I read this 130 page 10-step guide from ebook cover to ebook cover. Over the last few years I’ve read everything I could get my hands on – and there’s quite a lot to get your hands on – concerning Lightroom. I can easily say that this latest ebook, The Photographer’s Workflow, by Gavin Gough is the best, in my opinion, by far. He writes in a very personal style; you have the feeling that he’s right there with you, telling you all he knows, as simply as possible, not holding anything back, and eager to pass on his knowledge.
He’s actually a wonderful photographer and teacher. Not just that, his background as a Systems Analyst, well versed in computers, enables him to explain just enough of the technical side that is necessary to know what you’re doing and why and fortunately not get bogged down with unnecessary detail.

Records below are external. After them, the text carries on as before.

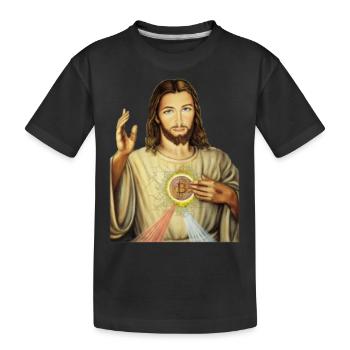 Bitcoin Jesus - Kinder Premium Bio T-Shirt - Schwarz - Vorne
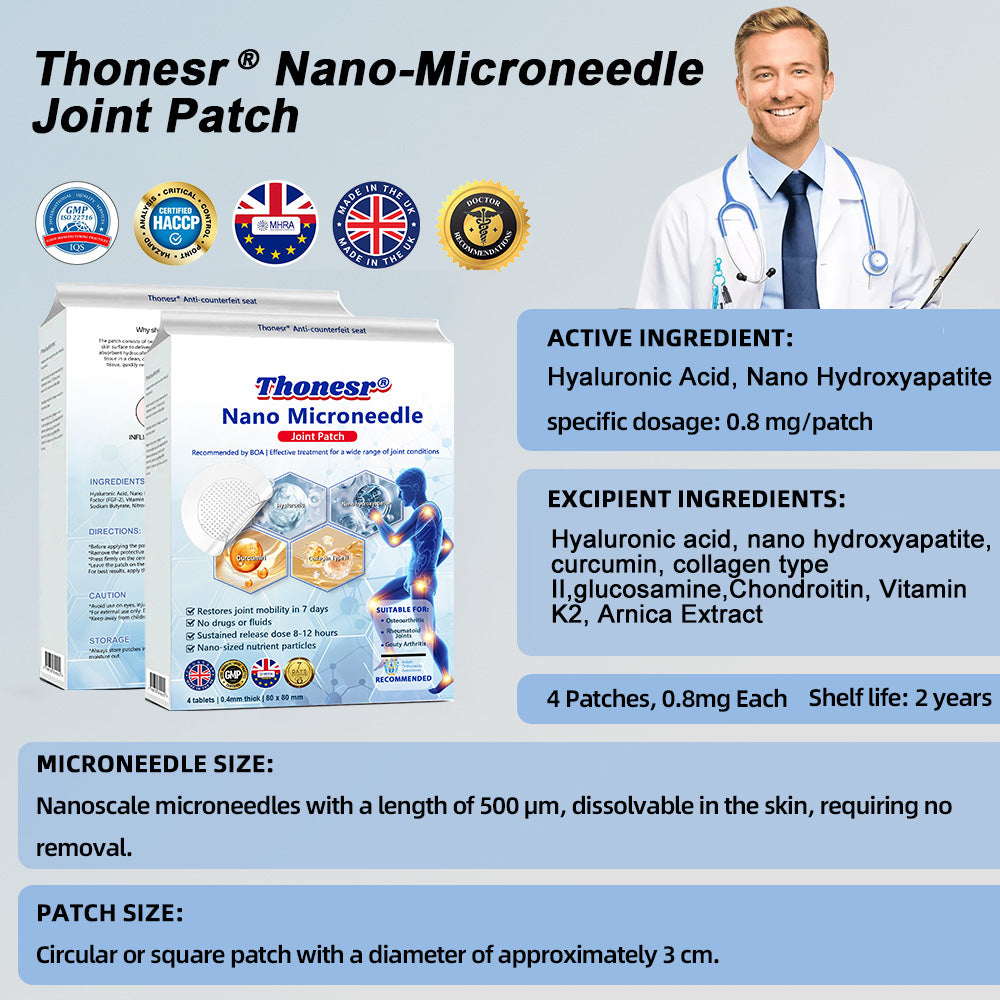 Official Store 🏃‍♀️ Recommended by AOA 💪Thonesr® Nano-microneedle joint patch (Painless, long-lasting, suitable for arthritis, varicose veins and various orthopedic diseases)【Last 30 min Flash Sale】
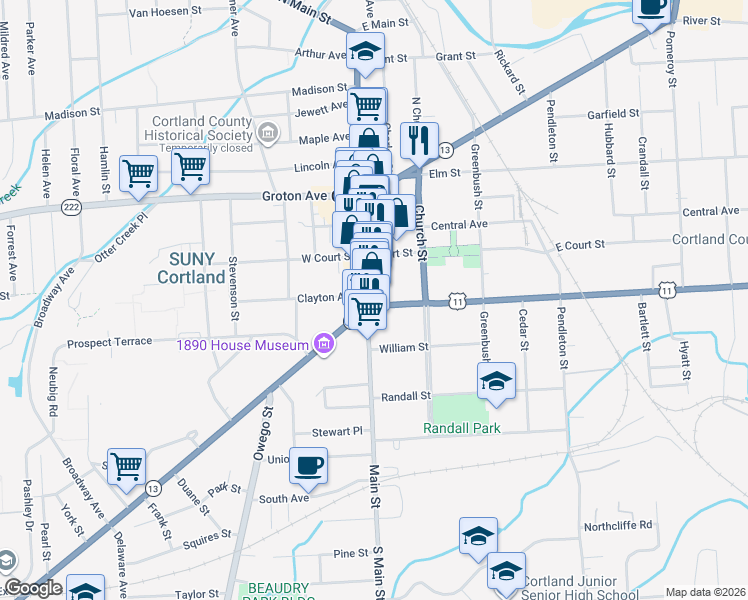 map of restaurants, bars, coffee shops, grocery stores, and more near 81 North Main Street in Cortland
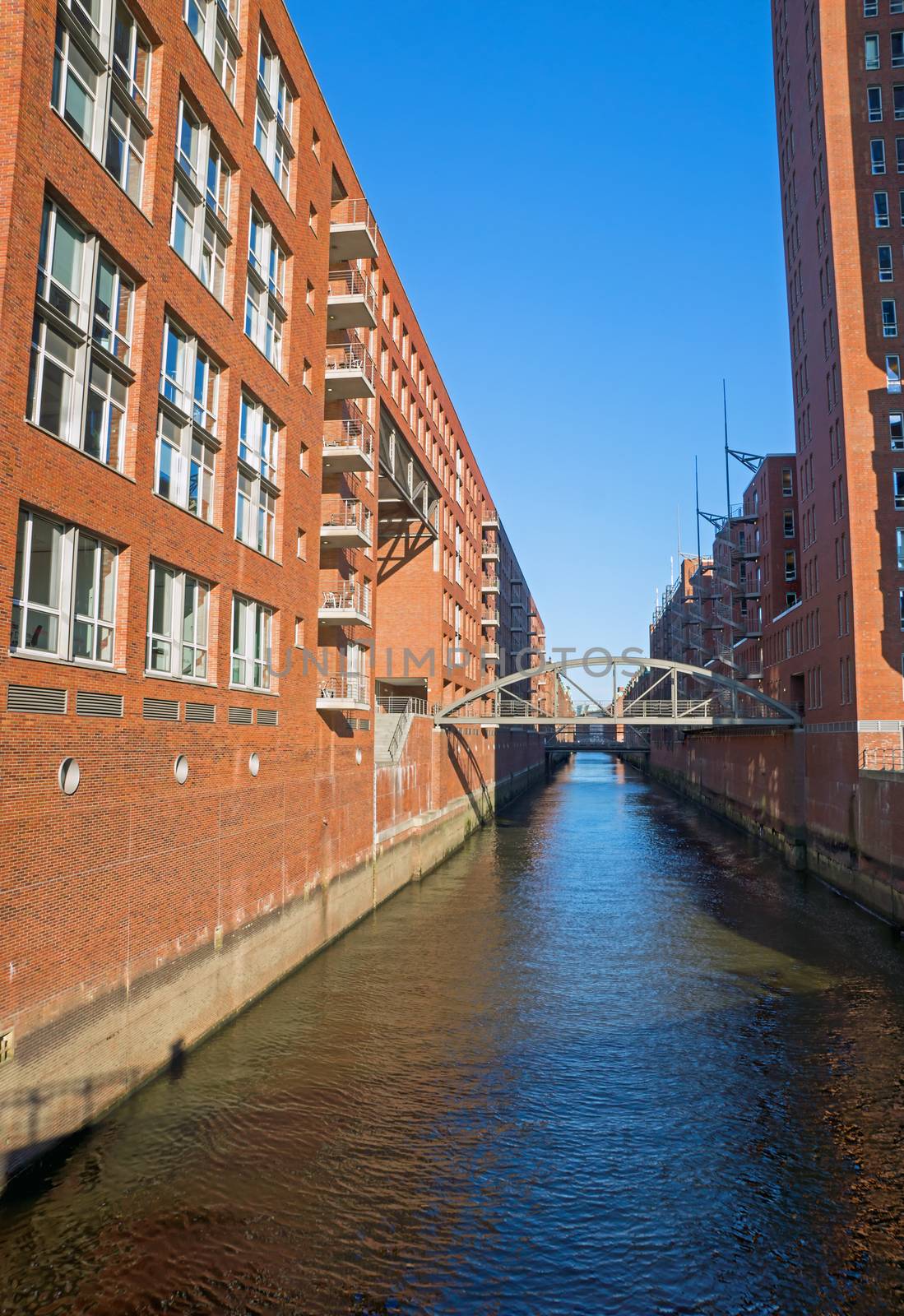 One of the many channels in the Speicherstadt in Hamburg, Germany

Lightroom is a masterful program and Gavin goes through each step in the process extremely comprehensively and clearly. He leaves no stone unturned. It’s so easy to take hundreds, even thousands, of photographs a week, actually a day, even an hour, that we quickly become overwhelmed. It’s vital to have a well thought-out logical system that can be applied to every photograph from beginning to end. That’s what this book is about, and it’s not just the theory. Gavin generously explains his own personal workflow, honed over a decade of taking photographs for the likes of Lonely Planet and Getty Images, and gives us his own presets for each step, so that we can do exactly as he does. Whether we can take as good photographs at the outset is, of course, another matter. As he says, you can’t make a silk purse out of a sow’s ear.
In addition to the text, there are clear video tutorials and photographic examples. The ebook is more or less divided into two parts – the first part deals with data management, the vital need to back up everything, and why, the naming of files and folders, Lightroom’s system of flags, ratings and labels, and colour management. He recommends software that helps – some of which is free. And he explains how to configure Lightroom so that it gives the best service. He describes his own gear and what he takes on an assignment – with a lot of helpful tips, such as carrying superglue and elastic hair bands. He even advises on which way up to pack your camera.
Then he gets into what to do with the images once they have been taken, importing them into Lightroom, easing the chore of metadata, explaining smart collections (which I’ve never really understood properly and am looking forward to putting into practice), and, to me the best part, actually developing the images. Gavin has some very helpful – and wise – advice concerning lens corrections, perspective corrections and cropping before explaining the controls for exposure, white balance, contrast, hue, saturation, luminance, vignettes, tone curves, sharpening and noise reduction. He kindly provides presets for all of these, as well as several brush presets. Brush presets are used when you just want to alter part of the image and not the whole.
Finally, there is a chapter on exporting the image – which could be to a hard disk, CD, DVD, blog, Facebook, email, or web site. He explains what the appropriate image size and resolution should be.
I have no doubt that whether you are starting out with Lightroom or an experienced professional you will find this ebook highly useful. I wish it had been available when I started out myself using Lightroom. You will enjoy the really clear explanations and diagrams. At less than the price of a pub lunch, a mere US$30, it’s an incredible bargain. And who could not warm to a man who writes, The time has come to get into the nitty gritty of data management, you lucky sausage.